■ **Exercise aim**
Look for the line that contains "Garden Arch Arbor"; output that line and every line after it exactly, through the final line of the material below, and nothing else.

■ **Dataset records**
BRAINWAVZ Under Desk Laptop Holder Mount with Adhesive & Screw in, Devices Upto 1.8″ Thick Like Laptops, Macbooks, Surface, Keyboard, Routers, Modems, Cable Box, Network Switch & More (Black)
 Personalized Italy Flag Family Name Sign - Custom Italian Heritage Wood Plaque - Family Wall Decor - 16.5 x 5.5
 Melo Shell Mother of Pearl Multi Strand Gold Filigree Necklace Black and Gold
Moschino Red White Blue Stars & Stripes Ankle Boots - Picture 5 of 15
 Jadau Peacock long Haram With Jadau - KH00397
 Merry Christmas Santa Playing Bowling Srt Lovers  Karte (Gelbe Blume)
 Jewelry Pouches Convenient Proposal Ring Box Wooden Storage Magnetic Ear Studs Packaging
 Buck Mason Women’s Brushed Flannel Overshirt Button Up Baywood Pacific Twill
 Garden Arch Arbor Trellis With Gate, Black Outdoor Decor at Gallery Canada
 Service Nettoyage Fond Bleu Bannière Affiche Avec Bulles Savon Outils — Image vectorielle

■ **Written response**
 Garden Arch Arbor Trellis With Gate, Black Outdoor Decor at Gallery Canada
 Service Nettoyage Fond Bleu Bannière Affiche Avec Bulles Savon Outils — Image vectorielle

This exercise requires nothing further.